Living Without the One You Cannot Live Without

Hope and Healing after Loss

by Natasha Josefowitz

Pub Date: Sept. 23rd, 2013
ISBN: 978-1484141328
Publisher: Prestwik Poetry Publishing Co.

A hard-won, heart-wrenching collection of poems.

In her latest book, poet Josefowitz (Been There, Done That, Doing It Better, 2009) touchingly chronicles the painful first year after the death of her longtime husband. Beginning with a description of his final days in hospice, her plainspoken, free verse documents the slow burn of her grief from day to day—whether she’s at her husband’s funeral struggling to “find the man I loved / in all these words” or sitting alone in the evenings, trying to conjure the presence of her lost love (“make a sound in the wind / touch my cheek / with a breath of air”). Although the poems sometimes rely on clichéd abstractions and can err toward the sentimental, Josefowitz’s sense of detail makes them sing. The poems are at their best when most specific: “I miss him / rustling the newspapers / in the room next door / his voice on the phone— / I always knew which of the children / he was talking to.” The author never shies away from difficulties she faces—a fractured sense of self, months of inconsolability and profound survivor’s guilt when she eventually finds herself able to enjoy things again.
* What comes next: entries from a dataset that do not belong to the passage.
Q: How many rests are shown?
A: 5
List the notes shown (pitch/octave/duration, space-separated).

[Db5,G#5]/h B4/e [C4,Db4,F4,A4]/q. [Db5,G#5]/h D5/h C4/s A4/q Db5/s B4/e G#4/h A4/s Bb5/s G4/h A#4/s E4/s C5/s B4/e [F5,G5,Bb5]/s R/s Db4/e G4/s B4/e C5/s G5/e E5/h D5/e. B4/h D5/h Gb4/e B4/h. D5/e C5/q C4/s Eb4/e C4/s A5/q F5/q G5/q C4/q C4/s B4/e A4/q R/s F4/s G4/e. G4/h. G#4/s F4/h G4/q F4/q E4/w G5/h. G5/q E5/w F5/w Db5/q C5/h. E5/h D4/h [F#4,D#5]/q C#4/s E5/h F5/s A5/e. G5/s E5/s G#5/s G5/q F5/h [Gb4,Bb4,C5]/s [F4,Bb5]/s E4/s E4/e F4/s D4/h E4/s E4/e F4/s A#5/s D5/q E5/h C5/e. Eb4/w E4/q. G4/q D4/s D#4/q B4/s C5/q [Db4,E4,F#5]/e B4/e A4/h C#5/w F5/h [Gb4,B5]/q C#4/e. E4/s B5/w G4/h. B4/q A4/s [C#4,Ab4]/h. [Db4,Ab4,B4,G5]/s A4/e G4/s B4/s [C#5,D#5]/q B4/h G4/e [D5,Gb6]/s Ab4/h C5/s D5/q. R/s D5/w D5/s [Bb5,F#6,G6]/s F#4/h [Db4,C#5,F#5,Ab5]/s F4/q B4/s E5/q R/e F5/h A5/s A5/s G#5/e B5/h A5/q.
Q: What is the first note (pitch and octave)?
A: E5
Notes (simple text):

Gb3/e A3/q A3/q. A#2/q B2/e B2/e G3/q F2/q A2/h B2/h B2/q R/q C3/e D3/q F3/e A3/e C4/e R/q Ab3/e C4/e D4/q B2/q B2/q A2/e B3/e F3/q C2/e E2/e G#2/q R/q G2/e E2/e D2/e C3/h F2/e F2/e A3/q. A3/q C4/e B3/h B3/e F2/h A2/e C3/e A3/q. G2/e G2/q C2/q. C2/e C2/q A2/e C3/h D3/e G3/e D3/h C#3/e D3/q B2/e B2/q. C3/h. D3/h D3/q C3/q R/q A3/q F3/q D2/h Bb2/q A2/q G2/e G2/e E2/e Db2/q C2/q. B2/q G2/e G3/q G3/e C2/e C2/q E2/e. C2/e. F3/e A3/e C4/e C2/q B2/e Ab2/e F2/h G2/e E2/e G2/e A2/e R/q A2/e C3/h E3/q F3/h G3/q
In the sad but charming “Firsts,” she finds she must learn how to do the many mundane tasks her husband used to do: taking out the garbage, resetting the clocks for daylight saving time, opening a bottle of wine. Josefowitz’s poems, in all their raw tenderness, are sometimes excruciating to read, but they’re ultimately testaments to a great love and affirmations of the author’s new identity as a single, self-sustaining woman in her elder years.

A beautiful book of sad, funny and relatable verse and a comforting companion for anyone grieving the loss of a loved one.